Planning for Moving Day

Clients frequently ask us for advice on moving their computers to a new office. With a little planning and forethought, moving can actually be a fairly painless process.

First, allow plenty of time to plan the move and prepare your new office. Waiting until the last minute inevitably leads to scheduling problems. Determine your priorities and identify your major systems, along with acceptable downtimes for each. If you feel you may not have the time considering all the arrangements that must be coordinated, we suggest involving someone who has more experience with moving companies, such as your network or telephone consultant.

Phone System

Many businesses regard their phone system as the cornerstone of their operation, since it is still the main method of communication with customers. Unfortunately it also requires the most lead time to plan. With the exploding popularity of cell phones, pagers, and broadband Internet connections such as DSL, local phone companies are currently overwhelmed by the demand. Frequently installation times for new phone lines can be several weeks or more.

One question is, should you keep your existing phone number? Your first answer may be yes, but advantages exist for switching to a new number. To begin with, this allows Ameritech and your phone system consultants to install and test the lines before you move, making sure any hunt groups are configured correctly. Also, with new numbers you remove any pressure to have Ameritech switch the lines correctly from one system into another.
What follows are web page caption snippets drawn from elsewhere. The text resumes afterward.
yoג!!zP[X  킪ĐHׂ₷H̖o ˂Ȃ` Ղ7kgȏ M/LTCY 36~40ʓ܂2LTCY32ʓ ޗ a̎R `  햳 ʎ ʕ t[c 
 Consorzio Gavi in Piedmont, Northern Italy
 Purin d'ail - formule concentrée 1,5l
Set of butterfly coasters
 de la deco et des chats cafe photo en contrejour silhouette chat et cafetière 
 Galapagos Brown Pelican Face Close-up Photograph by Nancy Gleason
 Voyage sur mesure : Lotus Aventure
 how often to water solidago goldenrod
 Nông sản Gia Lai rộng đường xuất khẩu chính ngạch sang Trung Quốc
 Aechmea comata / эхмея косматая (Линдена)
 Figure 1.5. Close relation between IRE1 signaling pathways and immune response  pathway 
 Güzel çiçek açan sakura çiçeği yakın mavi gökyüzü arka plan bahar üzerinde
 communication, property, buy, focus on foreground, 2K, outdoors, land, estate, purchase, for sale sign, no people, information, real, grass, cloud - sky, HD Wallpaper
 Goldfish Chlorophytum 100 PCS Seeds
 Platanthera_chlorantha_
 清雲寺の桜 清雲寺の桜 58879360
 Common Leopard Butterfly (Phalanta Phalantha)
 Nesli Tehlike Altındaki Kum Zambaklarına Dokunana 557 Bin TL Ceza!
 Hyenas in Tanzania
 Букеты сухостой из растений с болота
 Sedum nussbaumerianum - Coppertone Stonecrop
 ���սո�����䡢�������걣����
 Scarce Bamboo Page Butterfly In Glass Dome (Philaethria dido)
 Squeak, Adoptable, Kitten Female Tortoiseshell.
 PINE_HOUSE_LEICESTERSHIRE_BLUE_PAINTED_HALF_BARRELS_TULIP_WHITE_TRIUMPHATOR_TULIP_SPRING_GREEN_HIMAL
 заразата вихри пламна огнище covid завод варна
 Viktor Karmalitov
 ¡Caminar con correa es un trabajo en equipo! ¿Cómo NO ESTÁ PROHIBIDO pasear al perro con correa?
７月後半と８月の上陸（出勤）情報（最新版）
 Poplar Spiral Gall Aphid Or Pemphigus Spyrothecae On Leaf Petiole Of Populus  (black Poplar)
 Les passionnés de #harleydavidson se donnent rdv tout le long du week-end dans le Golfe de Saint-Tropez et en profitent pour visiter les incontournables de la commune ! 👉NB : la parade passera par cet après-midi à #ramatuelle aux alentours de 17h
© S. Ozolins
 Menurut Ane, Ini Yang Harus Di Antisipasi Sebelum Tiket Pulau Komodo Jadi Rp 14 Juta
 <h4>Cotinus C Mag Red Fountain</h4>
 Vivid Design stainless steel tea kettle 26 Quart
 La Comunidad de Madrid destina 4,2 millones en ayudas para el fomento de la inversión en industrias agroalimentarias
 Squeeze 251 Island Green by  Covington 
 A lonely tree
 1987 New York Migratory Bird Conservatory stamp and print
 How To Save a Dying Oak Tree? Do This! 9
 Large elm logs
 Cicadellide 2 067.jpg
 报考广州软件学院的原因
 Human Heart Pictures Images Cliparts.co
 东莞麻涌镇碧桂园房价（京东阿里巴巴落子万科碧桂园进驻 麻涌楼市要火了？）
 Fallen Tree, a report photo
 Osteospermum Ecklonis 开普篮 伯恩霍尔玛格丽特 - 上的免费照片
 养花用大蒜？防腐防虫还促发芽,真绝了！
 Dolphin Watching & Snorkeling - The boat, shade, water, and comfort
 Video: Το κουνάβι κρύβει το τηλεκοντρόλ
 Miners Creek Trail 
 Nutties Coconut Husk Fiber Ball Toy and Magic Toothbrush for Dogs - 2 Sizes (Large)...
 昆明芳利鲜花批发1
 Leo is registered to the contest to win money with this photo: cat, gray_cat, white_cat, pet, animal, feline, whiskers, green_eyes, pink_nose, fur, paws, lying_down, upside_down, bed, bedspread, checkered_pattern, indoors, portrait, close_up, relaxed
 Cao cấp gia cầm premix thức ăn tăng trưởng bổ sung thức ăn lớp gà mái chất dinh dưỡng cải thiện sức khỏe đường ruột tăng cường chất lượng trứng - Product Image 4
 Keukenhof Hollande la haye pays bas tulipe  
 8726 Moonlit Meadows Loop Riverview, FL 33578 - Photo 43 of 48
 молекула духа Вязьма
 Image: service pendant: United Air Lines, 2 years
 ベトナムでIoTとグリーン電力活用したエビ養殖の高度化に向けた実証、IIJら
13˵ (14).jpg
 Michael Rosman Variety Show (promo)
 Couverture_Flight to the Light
This transition period is also a great time to install a new phone system, with no downtime to your operation. Voice mail, Internet telephony, and other new features can be installed and configured before the move. Otherwise you may want to plan for overtime to allow your existing system to be moved and reassembled the night before the big move to minimize downtime during the day.

Internet Connection

As with phone lines, setting up Internet connectivity at your new office will likely take longer than you suspect. For example, a DSL connection typically takes 4-6 weeks to install, with other service options having a comparable lead time.

If you have not considered a broadband (high speed, typically always-on) Internet connection, you may want to think about it. As we have mentioned in previous articles, a DSL or cable connection can be less expensive than even two hours of dial-up usage per day, and provides a far higher speed.

Office Wiring

Before you can connect anything in your new office, there must be something to which you can connect! Network consultants, electricians, telephone consultants, and even specialty wiring companies can all install the wires. However, we recommend that the same organization installs all wires (network and phone) to gain the cost savings found by not duplicating the labor to pull wires separately to each wall plate.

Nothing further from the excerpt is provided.